Deze structuren en instrumenten stimuleren afstemming tussen landen, geven invulling aan de respectievelijke ambities van NAVO en EU, bevorderen het aanvullen van het gebrek aan bepaalde defensiecapaciteiten (shortfalls) en versterken Europese slagkracht door taken en capaciteiten te verdelen. Tegelijk illustreert de hoeveelheid verschillende structuren en instrumenten een deel van de complexiteit op het gebied van gecoördineerde samenwerking. Om deze structuren en instrumenten goed te kunnen benutten, wordt voortdurend gesproken met NAVO-bondgenoten en EU-partners. Ook de organisaties onderling zullen nauw moeten samenwerken. Dit past in de Nederlandse inzet om EU-NAVO samenwerking te blijven versterken.

Behalve via NAVO en EU is Nederland ook onderdeel van andere internationale samenwerkingsverbanden. Voorbeelden hiervan zijn de Duits-Nederlandse landmacht-samenwerking; de Engels-Nederlandse amfibische samenwerking; de Belgisch-Nederlandse marine-samenwerking; de langdurige inzet in NAVO-verband of in coalities, zoals in Litouwen via Enhanced Forward Presence en in Irak via de anti-ISIS coalitie en de NATO Mission Iraq; maar ook bijvoorbeeld regelmatige terugkerende oefeningen zoals Cold Response in Noorwegen en Joint Project Optic Windmill in de Peel en Frysian Flag in Leeuwarden. Meer recent wordt met partners actief gewerkt aan pooling and sharing concepten, zoals bij de MRTT.5 Ook in het kader van specifieke dreigingen, zoals bij de luchtruimbewaking en bij de beveiliging van de Noordzee en de onderzeese infrastructuur, wordt intensief met (strategische) partners gewerkt, in lijn met de motie van het lid Valstar c.s. (Kamerstuk 36 200 X, nr. 26).

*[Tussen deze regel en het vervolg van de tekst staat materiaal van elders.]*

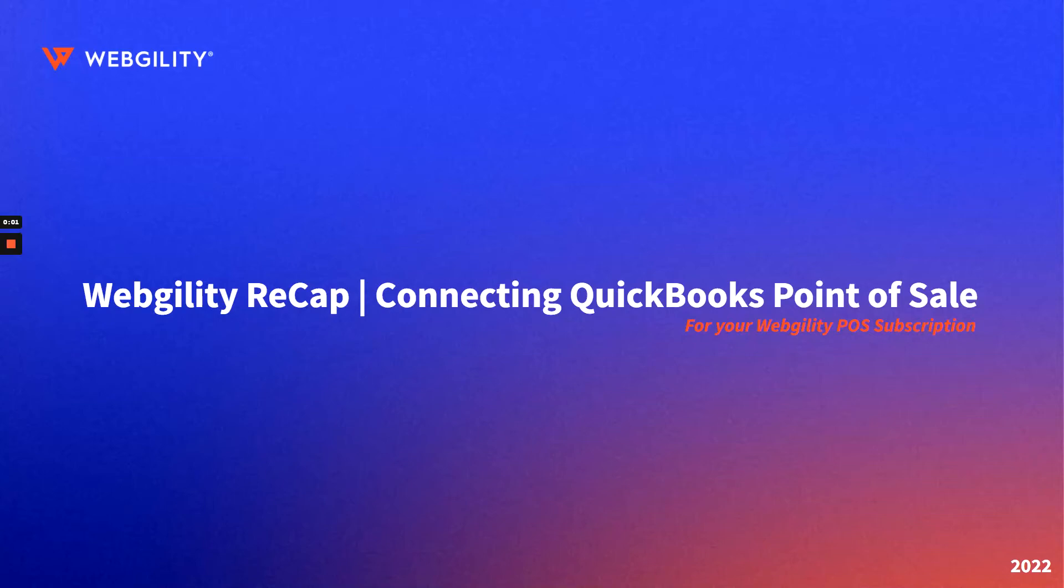Welcome to Webgility Recap, a series of videos aimed at getting you started using Webgility. In this video, we'll go over the process of connecting QuickBooks Point of Sale to your Webgility Desktop software.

Duiding van «specialisatie» en appreciatie van het Clingendael-rapport

Clingendael beschrijft «specialisatie» als een proces, zoals blijkt uit de gegeven definitie: «Specialisation refers to the process in which governments invest in those defence capabilities in which they excel or want to excel, while (partially) abolishing other capabilities, for which they become (partially) reliant on partner countries.».

Deze definitie is interessant omdat wordt benadrukt dat specialisatie gaat om een proces waarin landen investeren in die capaciteiten waarin ze (willen) excelleren, terwijl ze voor andere capaciteiten (deels) vertrouwen op anderen. Hierdoor wordt inzichtelijk dat er treden op de ladder van samenwerking zijn, voordat er sprake is van specialisatie, van het gezamenlijk ontwikkelen van materieel en capaciteiten, het gezamenlijk inrichten van ondersteunende processen en opleidingen, tot uiteindelijk het delen of verdelen van capaciteiten. Deze verschillende verschijningsvormen kunnen worden gezien als scenario’s voor mogelijke routes naar specialisatie.6

De Nederlandse inzet is gericht op het internationaal gezamenlijk organiseren van dit proces, waar Clingendael uit lijkt te gaan van een nationaal geïnitieerde inzet. Bovendien wil Nederland specialisatie gebruiken om binnen Europa het bestaande capaciteitsgebrek in te vullen om effectief samen te werken en zo meer slagkracht te creëren.

De drie varianten van specialisatie die Clingendael introduceert, zijn nuttig vanwege het benoemen van verschillende niveaus van specialisatie in volgorde van mate van afhankelijkheid van samenwerkingspartners:

1. Gecoördineerde Europese vermogensgroepen: landen met specifieke capaciteiten (capabilities) kunnen zich binnen een groep specialiseren (bijvoorbeeld met land- of maritieme raketafweercapaciteiten).

2. Specialisatie via ondersteuning: wanneer landen met soortgelijke uitrusting werken, kunnen ze – met wederzijdse instemming – samenwerken op training en onderhoud.

3. Traditionele specialisatie: de meest vergaande vorm waarbinnen landen wederzijds afhankelijk zijn van bepaalde vermogens.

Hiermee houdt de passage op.